The New Addiction

We may look back on the end of the Noughties as the time when e-addiction took hold.

Before the 60s, booze was the most popular addictive substance; in the 60s it became weed and Ecstasy; latterly it’s been crack cocaine. But there’s every reason to believe that a new and powerful addiction has already got hold of us – before we know it.

The new thing which we absolutely have to have – the thing which we’ll go into debt to have – the thing that some people will steal to have – is the latest electronic consumer good.

Look at the take-up of iPads. 7.5 million of the things sold between April and September and an expected 25 million to be sold next year.

That’s not counting the 25 million of non-Apple tablets expected to be sold next year as well.

So why do 50 million people suddenly decide they need a tablet?

Answer: They don’t need one – they’re in the grip of addiction.

In the summer I sat next to a 16 year-old at lunch. She told me she had a new phone every year and expected to spend between £200 and £300 on one.

I was outraged. How could a school-kid spend that much on a phone?

“My phone is my life,” was the reply.

I keep remembering what Freescale’s Henri Richard said at the Electronica Forum last month.

He pointed out that the generation born in the 80s, and weaned on the Internet, are now earning good money and are increasingly spending their money on techie products.

This is true. Young people will shell out a few hundred quid on the latest gismo without a second thought.

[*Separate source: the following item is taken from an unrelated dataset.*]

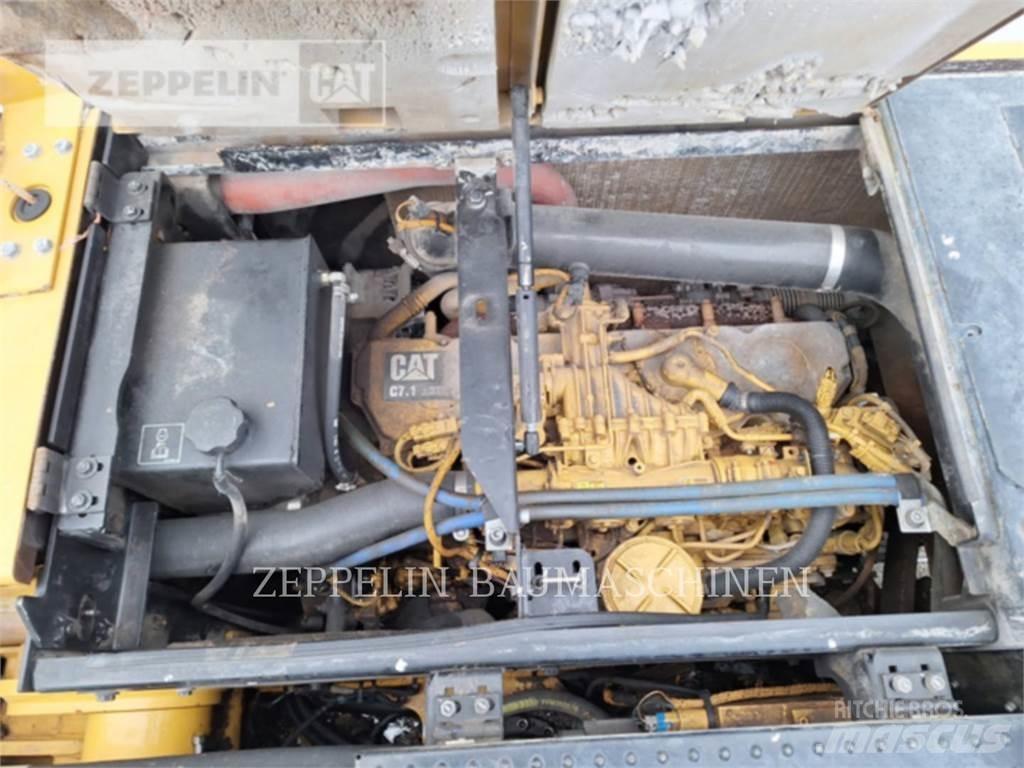 CAT MH3024-06C 组装挖掘机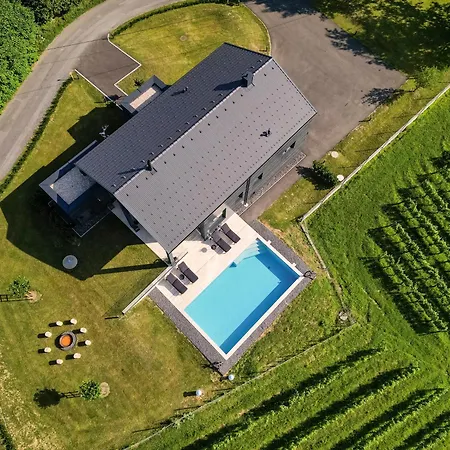Refugium Villa *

They’d feel bad if they didn’t.

And that’s addiction.



  1. Yes thanks Sceppers, getting my E mixed up with my LSD could have been nasty. For a return to childhood happiness a vanilla ice-cream cornet does it for me.

  2. David,
    Phew, at least that’s sorted. At some point I have you pictured at an 90’s Acid House rave ! (since ironically the drug of choice for those events was ecstasy – confusing eh?)
    Anyway back to electronic addictions -mine currently seems to be ebay and filling the house with all manner of circa 1970’s ‘pony’
    in an attempt to create some kind of retro illusion of childhood happiness. Yet more irony.

  3. One of my favourite quotes : “If you can remember the 60s, you probably weren’t there”

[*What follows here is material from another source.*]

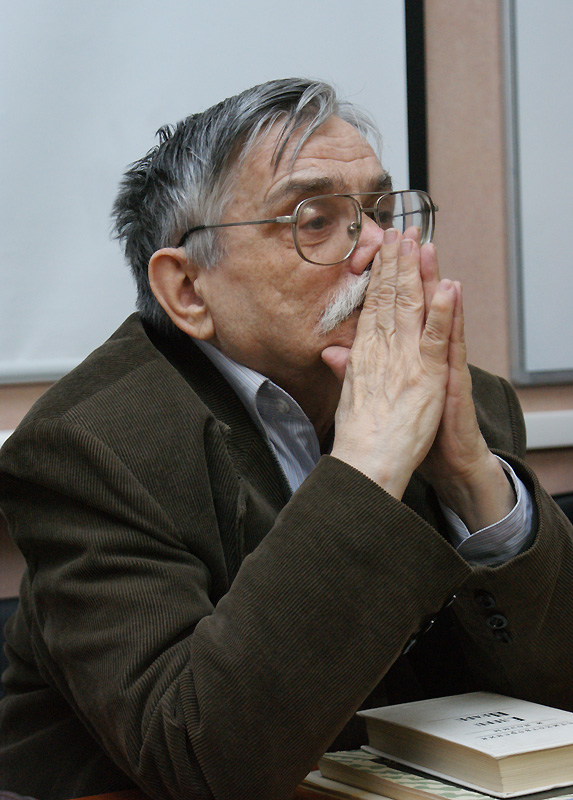 Сергей Стратановский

  4. That’s the stuff, Stooriefit, it was LSD – Lucy in the Sky with Diamonds – and all that sort of thing. Sorry to confuse it with Ecstasy. Yes I know about domestic broadband – I blame Edison for all this e-addiction.

  5. MDMA, apparently:
    “The first confirmed sample was seized and identified by Chicago Police in 1970, see Sreenivasan VR (1972). “Problems in Identification of Methylenedioxy and Methoxy Amphetamines.”. Journal of Criminal Law, Criminology & Police Science (The Journal of Criminal Law, Criminology, and Police Science, Vol. 63, No. 2) 63 (2): 304–312. doi:10.2307/1142315.” from the footnotes in the Wikipedia MDMA entry.
    So jumping out of windows in the 60’s was probably acid, Lysergic acid diethylamide, LSD. Under possible risks in the relevant wikipedia page:
    “Whilst there have been no documented human deaths from an LSD overdose,[57] LSD may temporarily impair the ability to make sensible judgments and understand common dangers, thus making the user more susceptible to accidents and personal injury and cause signs of organic brain damage-impaired memory and attention span, mental confusion or difficulty with abstract thinking.[58] ”
    Imagine living without domestic broadband – that’s addiction too.

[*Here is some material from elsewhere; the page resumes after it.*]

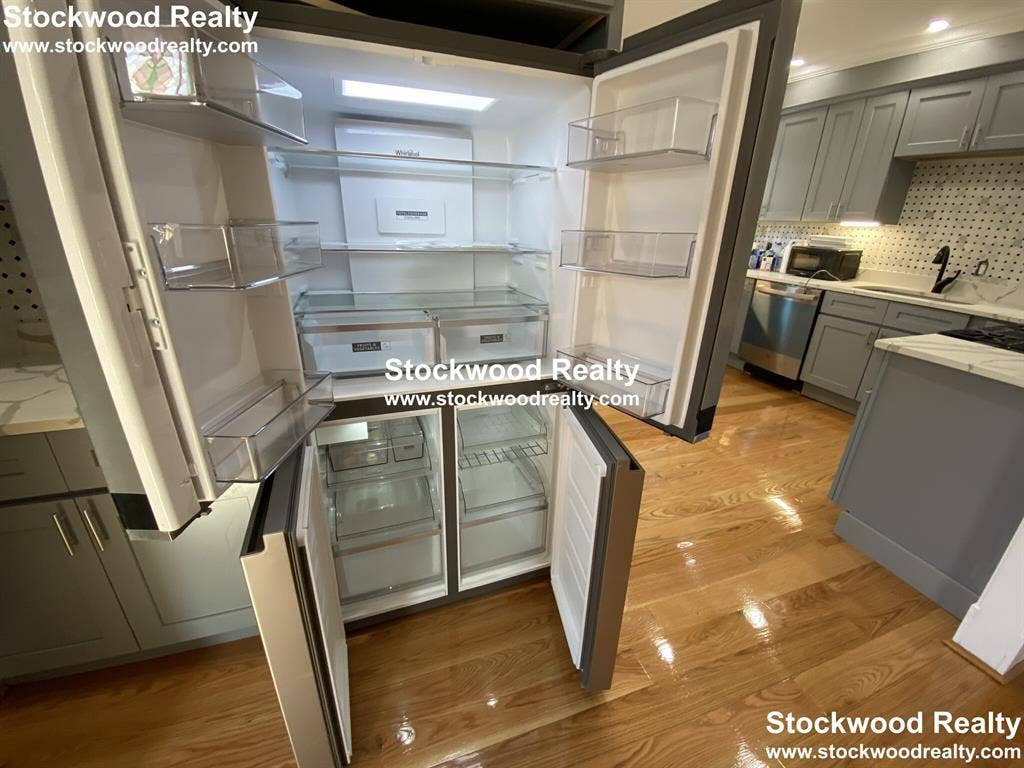 ROOM FOR RENT near T!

  6. Sceptic: I thought that stuff which made peole jump out of windows thinking they could fly was Ecstasy – maybe I’m wrong

  7. David,
    Ecstasy -in the 60’s ? Which ship were you sailing on ??
    However, back to the matter in hand, I share your incredulity at the mindless spending of the techno-dweeb generation. Of course back in my day all we had to amuse ourselves was a hoop and a stick.. or maybe, just maybe, I was witness to the beginning of all this dweebery -a green LED Casio calculator you could type 58008 into and read upside-down !
    Perversely, for one who earns a living in the electronics sector, I despise all things technical but I reserve special contempt for Apple products and yet I don’t really know why !
    Could it be their ‘aspirational’ tag that sits uneasy in my increasingly cumudgeonly stance ?
    This is going nowhere, time to go..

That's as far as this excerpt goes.